**Source material:**
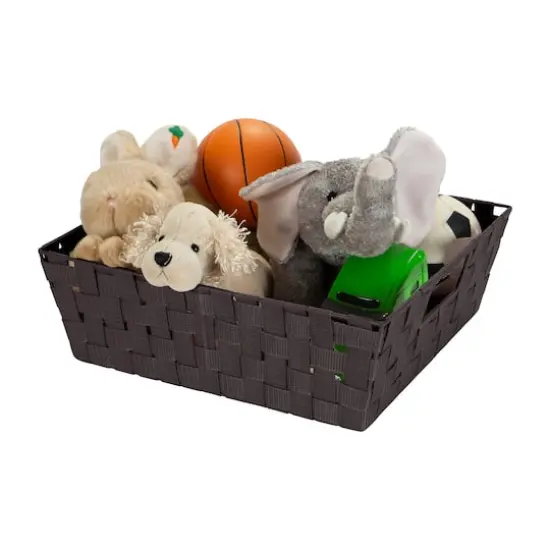 Simplify Large Woven Storage Shelf Bin Chocolate {5}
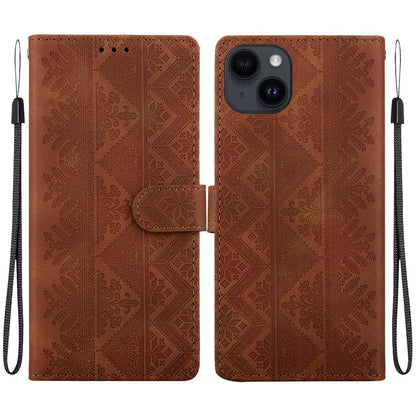 For iPhone 14 Ethnic Pattern Embossed Vegan Leather Phone Case - Brown - EDA009979017A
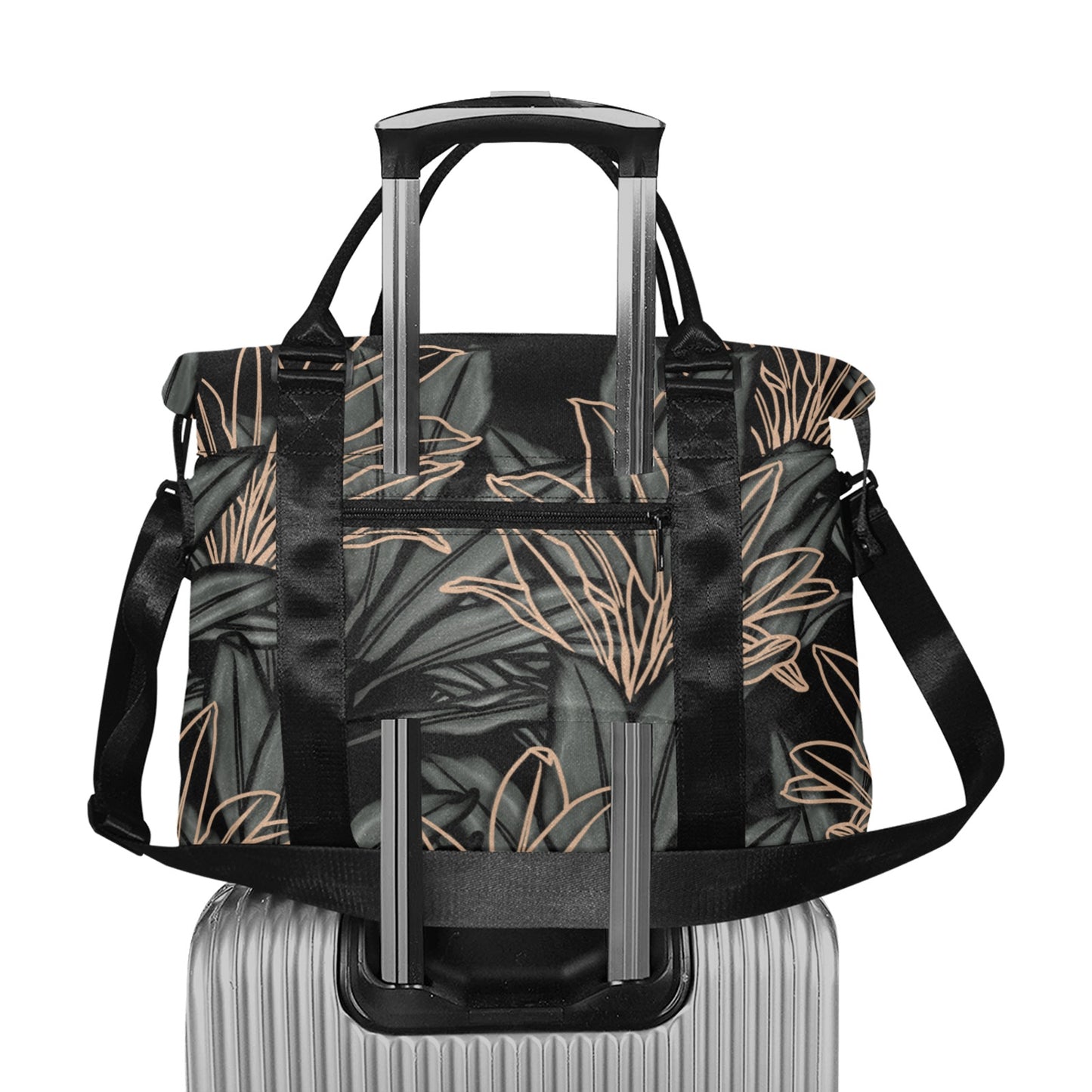 La'i Ti Leaf Ki Design Hawaiian Print Duffle Bag with Trolley Sleeve - The Huaka'i Weekender Duffle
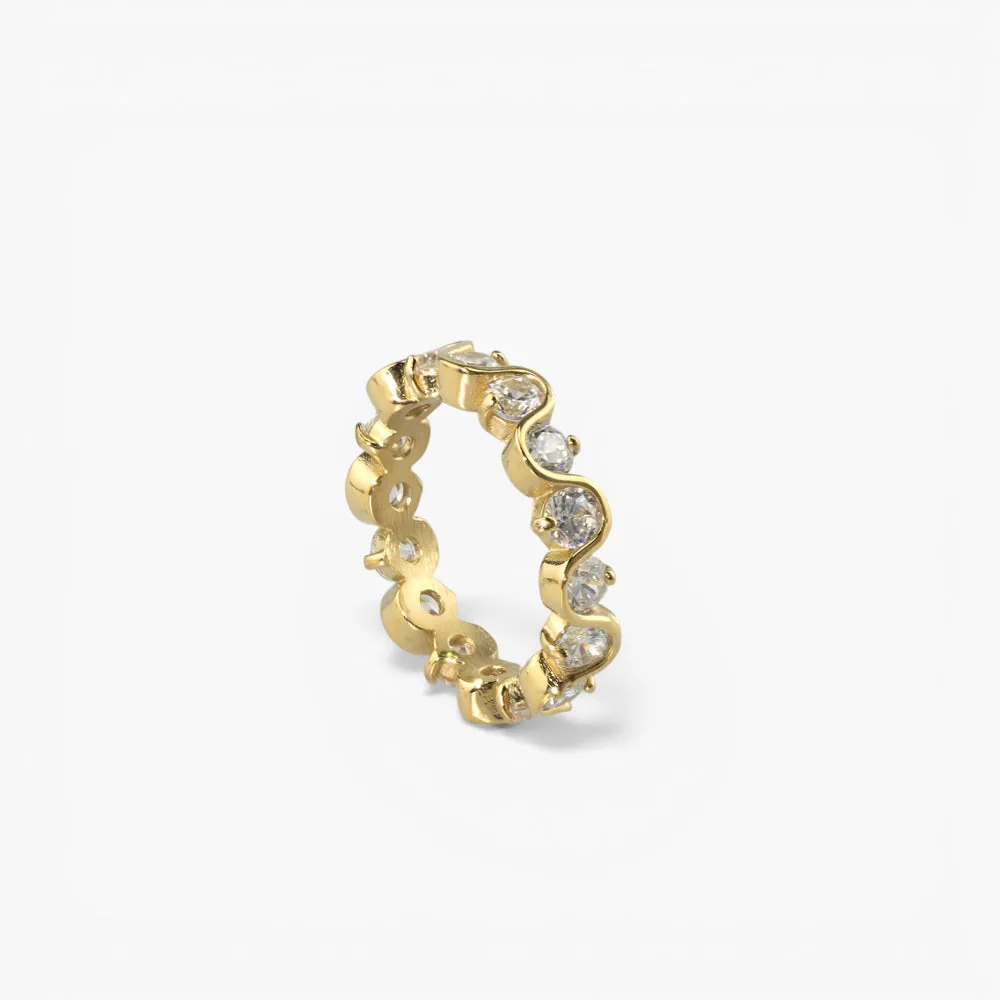 Meideya Ripple CZ Eternity Band – Waterproof Stacking Ring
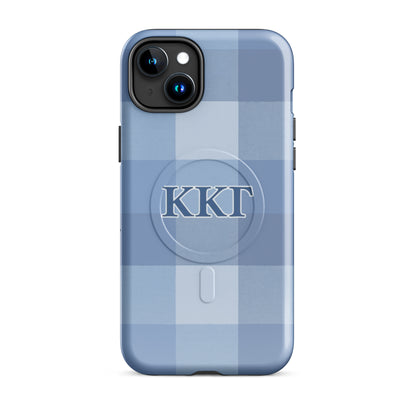 Kappa Kappa Gamma ΚΚΓ iPhone 15 Plus case with blue plaid pattern, lightweight dual-layer protection, classic preppy aesthetic cover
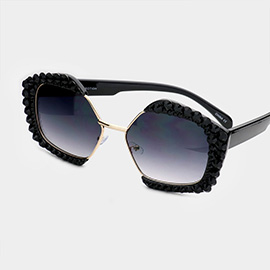 Crystal Embellished Detail Pentagon Sunglasses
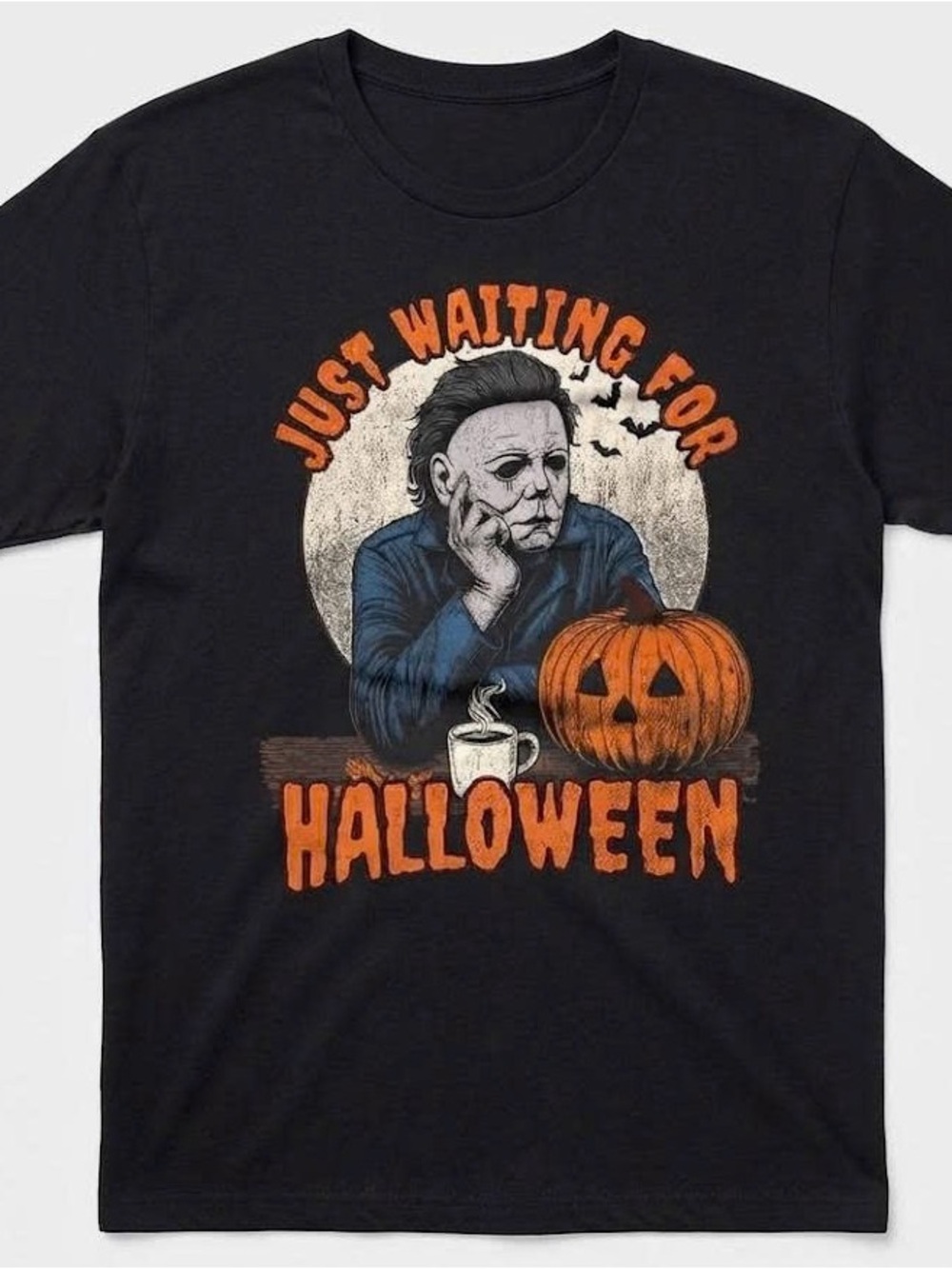 'Just Waiting For Halloween' Graphic Tee with Orange Accents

**Exercise:** Once the line with "La'i Ti Leaf" is found in the data above, reproduce it and each line after it exactly, through the line with "Kappa Kappa Gamma". Omit the pictures.

**Exercise output:**
 La'i Ti Leaf Ki Design Hawaiian Print Duffle Bag with Trolley Sleeve - The Huaka'i Weekender Duffle
 Meideya Ripple CZ Eternity Band – Waterproof Stacking Ring
 Kappa Kappa Gamma ΚΚΓ iPhone 15 Plus case with blue plaid pattern, lightweight dual-layer protection, classic preppy aesthetic cover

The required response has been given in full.